Seine Ursprünge hat das Aba-Ringen in Zentralasien, populär ist es heute besonders im Südosten der Türkei, im Iran, in Usbekistan und Teilen von Russland. Bei den Weltmeisterschaften in der Türkei übertragen drei Fernsehstationen die Kämpfe, bis zu 30 000 Zuschauern füllen die Hallen und Stadien. In Deutschland ist Aba-Ringen allenfalls eingefleischten Fans ein Begriff. Das will Hamdan Iflazoglu ändern. Jeden Mittwoch trainiert er mit seiner Mannschaft im Stadion in Kornwestheim.

Acht Männer schwitzen an diesem Tag auf dem Rasen des Fußballplatzes. Einer von ihnen ist Holger Fingerle. Der 20-Jährige kämpft sonst für den TSV Dewangen in der Regionalliga und wurde im Jahr 2012 EM-Dritter in seiner Alters- und Gewichtsklasse. Für ihn ist das Aba-Ringen „ein guter Ausgleich zum üblichen Training“.
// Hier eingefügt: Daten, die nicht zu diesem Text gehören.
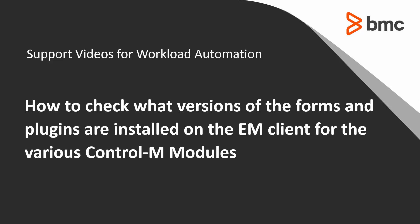In this demonstration, I will be using the EM Workload Automation Client version 8 and version 9 only.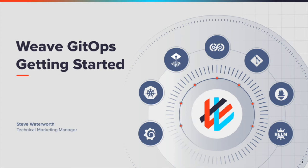Hello, I'm Steve Waterworth, Technical Marketing Manager at Weaveworks. In this presentation I'll show you how to get started with Weave GitOps.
Im Winter ringen sie im Schnee

Der Trainer verlangt viel von seiner Truppe. Im Sommer kämpfen sie barfuß auf dem Rasen, im Winter ringen sie im Schnee. Doch das Training scheint sich auszuzahlen: Bei den internationalen Turnieren in der Türkei schnitt die deutsche Mannschaft in den vergangenen Jahren respektabel ab. Holger Fingerle konnte in einem seiner Kämpfe gegen einen der hoch bezahlten Profis aus der Türkei bestehen. „Ein unglaublicher Erfolg“, sagt sein Trainer. Doch Iflazolgu möchte nicht nur den sportlichen Erfolg mit seiner Mannschaft, er möchte die Sportart in Deutschland populärer machen. Zum zweiten Mal hat er daher ein Turnier organisiert. An diesem Wochenende findet es in Ludwigsburg statt. Der 32-Jährige hat ein internationales Teilnehmerfeld eingeladen, aus neun Nationen sollen die Athleten kommen. Iflazoglu hat Plakate gestaltet, drucken lassen und verteilt, die Hotels für Betreuer und Athleten gebucht und die Flüge organisiert. Er ist nicht nur Trainer, sondern auch Veranstalter und Manager.

Als Sportlehrer arbeitet er schon lange nicht mehr, sein Gehalt bekommt er von einer internationalen Föderation, die den traditionellen Ringsport weltweit vertritt. Seine Motivation, sagt Iflazoglu, sei aber nicht das Geld. Er wolle vielmehr Anerkennung für seinen Sport. Er träumt davon, dass mehr Zuschauer zu den Turnieren kommen, dass mehr Medien über die Kämpfe berichten, dass weitere Sponsoren aufmerksam werden. Seine besten Athleten, so hofft er, sollen irgendwann von ihrem Sport auch leben können.